**DESCRIPTION OF THE TASK:**
Please return, exactly and only, the lines beginning at the top of the entries below and ending with the line containing "SHOWMALL Plus Size"; keep out the pictures.

**MATERIALS PROVIDED:**
########
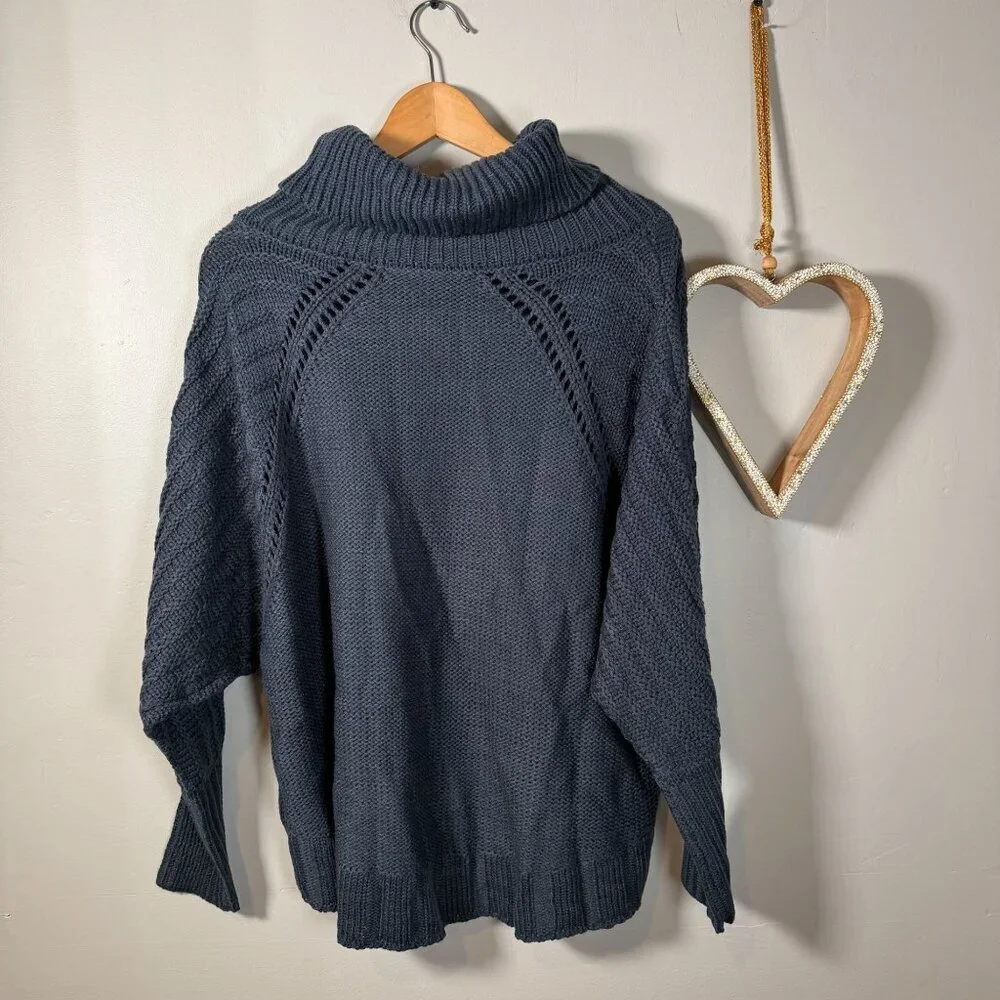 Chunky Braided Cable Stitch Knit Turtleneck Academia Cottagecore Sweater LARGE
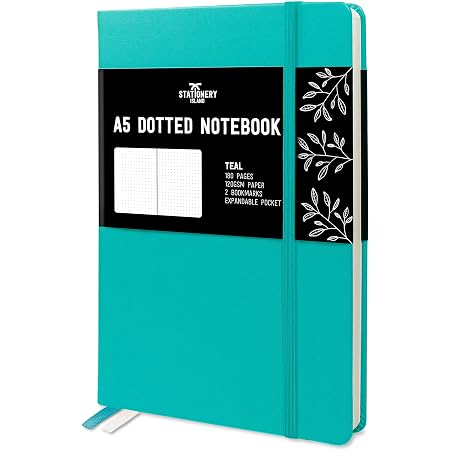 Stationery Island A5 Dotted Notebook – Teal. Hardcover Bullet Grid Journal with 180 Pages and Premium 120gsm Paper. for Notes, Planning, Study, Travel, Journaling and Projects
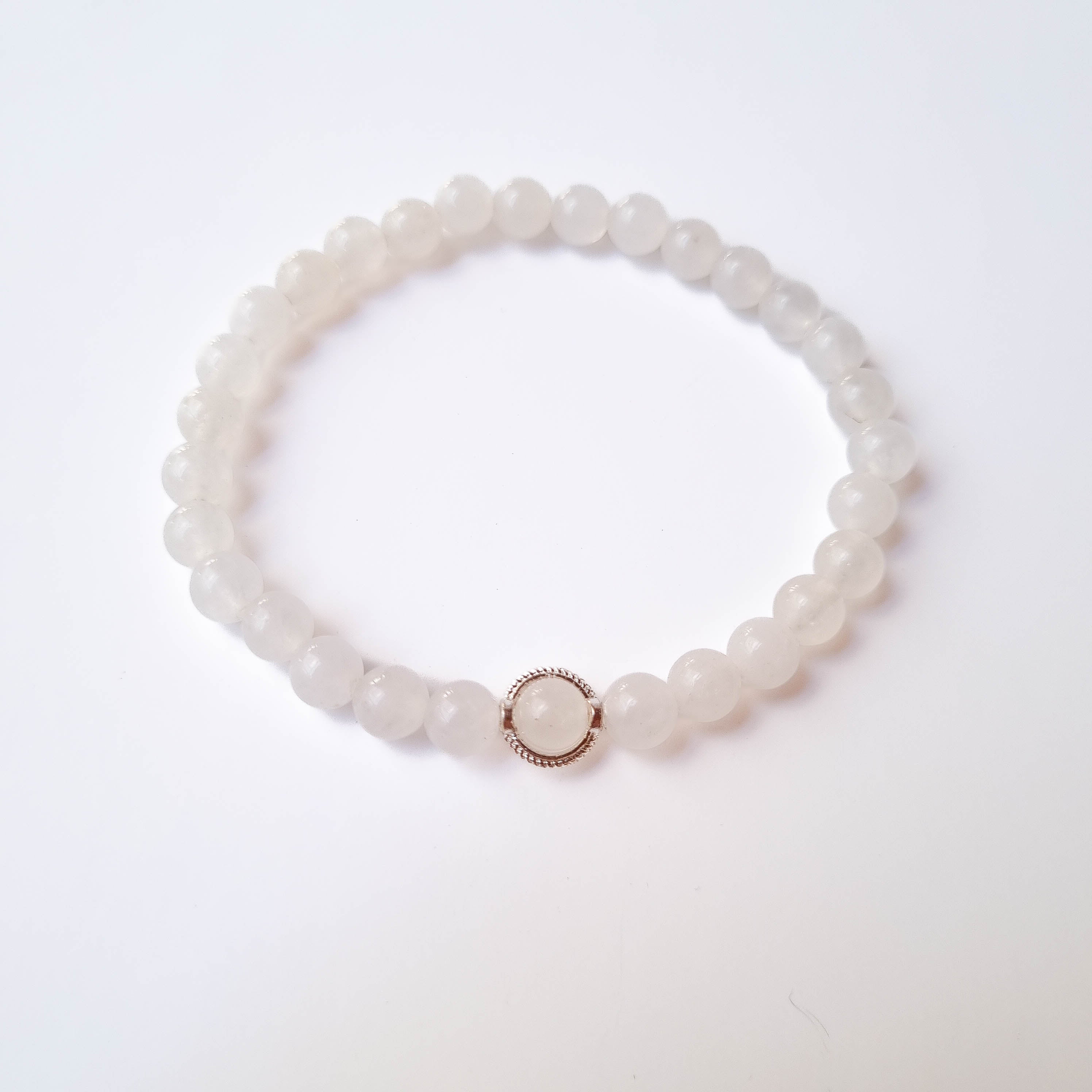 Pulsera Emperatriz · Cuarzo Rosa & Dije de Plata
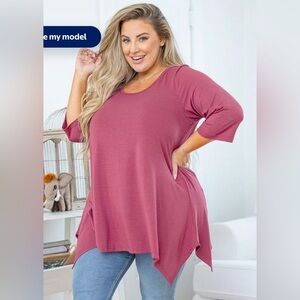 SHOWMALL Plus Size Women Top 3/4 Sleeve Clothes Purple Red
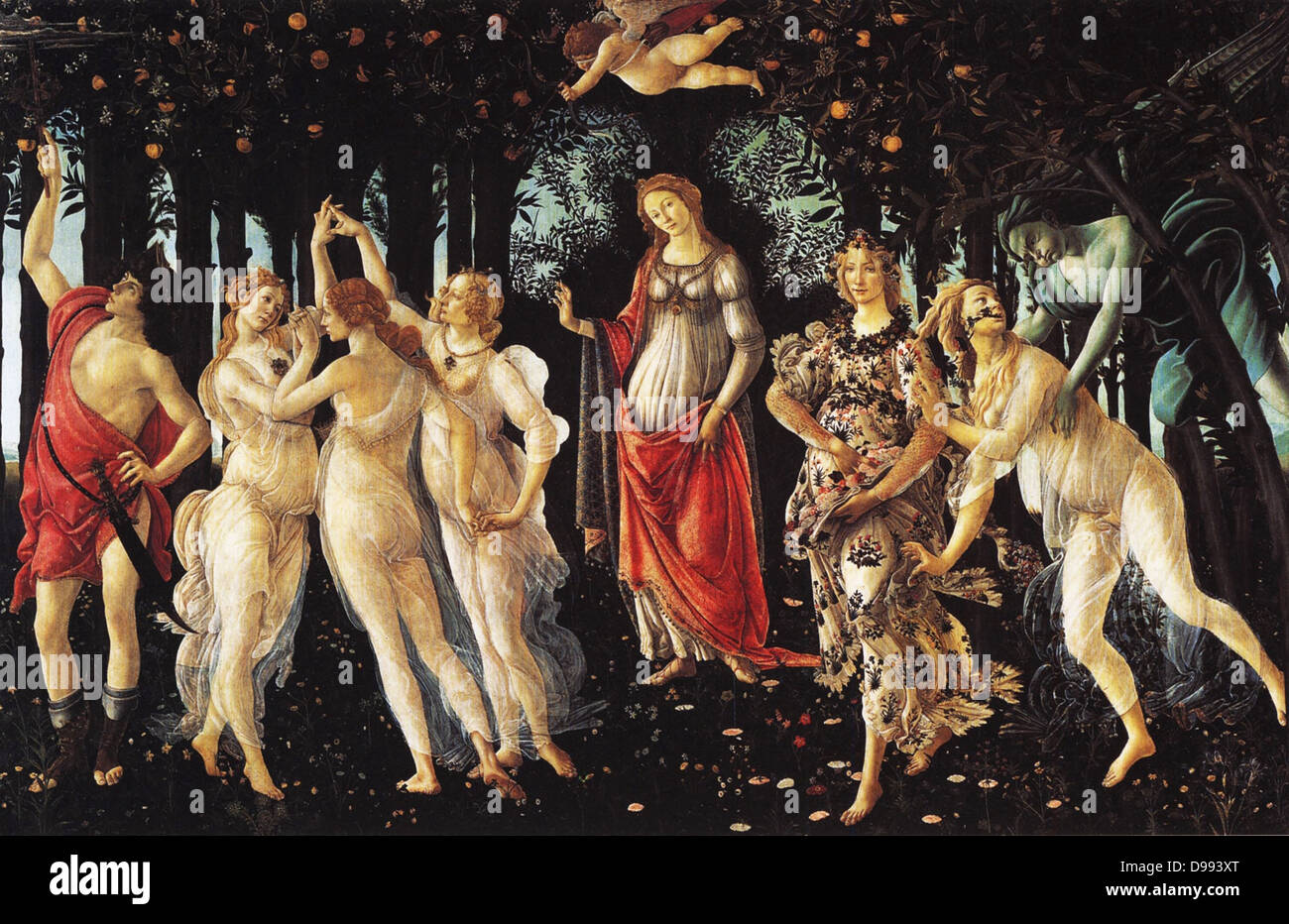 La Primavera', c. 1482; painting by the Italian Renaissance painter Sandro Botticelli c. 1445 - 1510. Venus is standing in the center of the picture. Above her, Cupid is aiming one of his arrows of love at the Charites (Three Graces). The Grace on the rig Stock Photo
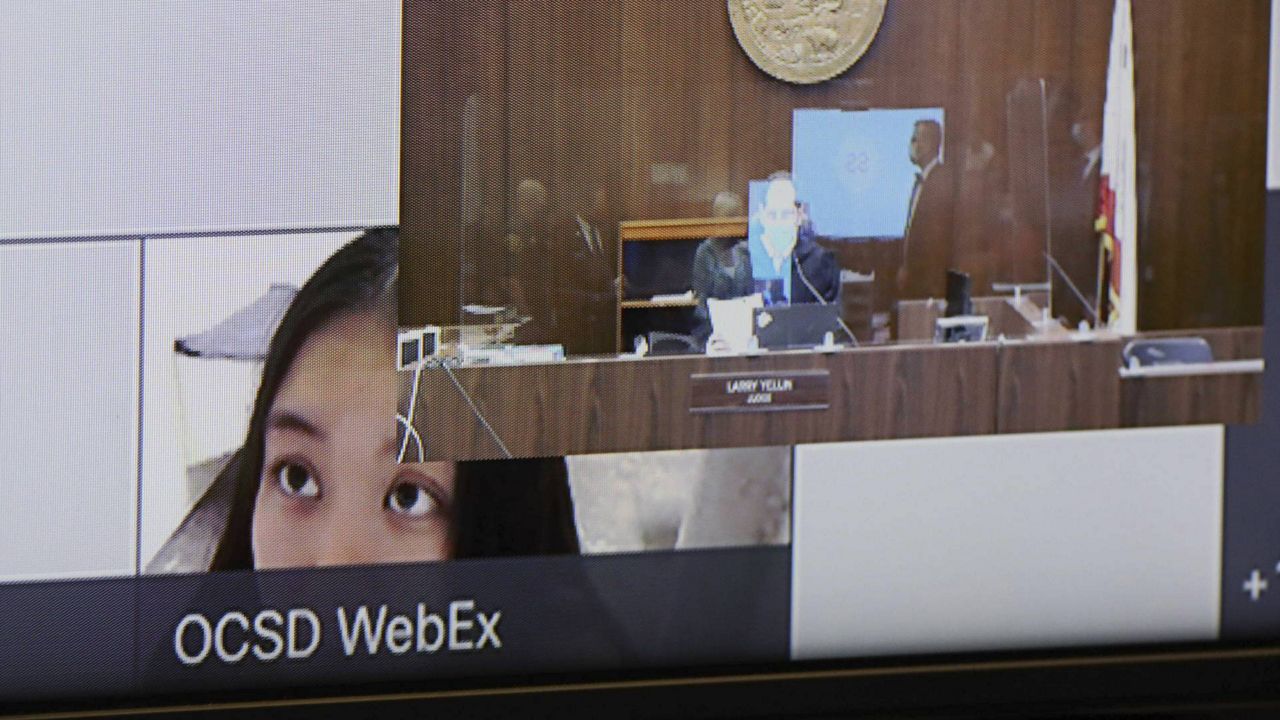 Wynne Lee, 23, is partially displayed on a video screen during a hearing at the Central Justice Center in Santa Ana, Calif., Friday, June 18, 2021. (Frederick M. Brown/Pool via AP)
########
**TASK RESPONSE:**
 Chunky Braided Cable Stitch Knit Turtleneck Academia Cottagecore Sweater LARGE
 Stationery Island A5 Dotted Notebook – Teal. Hardcover Bullet Grid Journal with 180 Pages and Premium 120gsm Paper. for Notes, Planning, Study, Travel, Journaling and Projects
 Pulsera Emperatriz · Cuarzo Rosa & Dije de Plata
 SHOWMALL Plus Size Women Top 3/4 Sleeve Clothes Purple Red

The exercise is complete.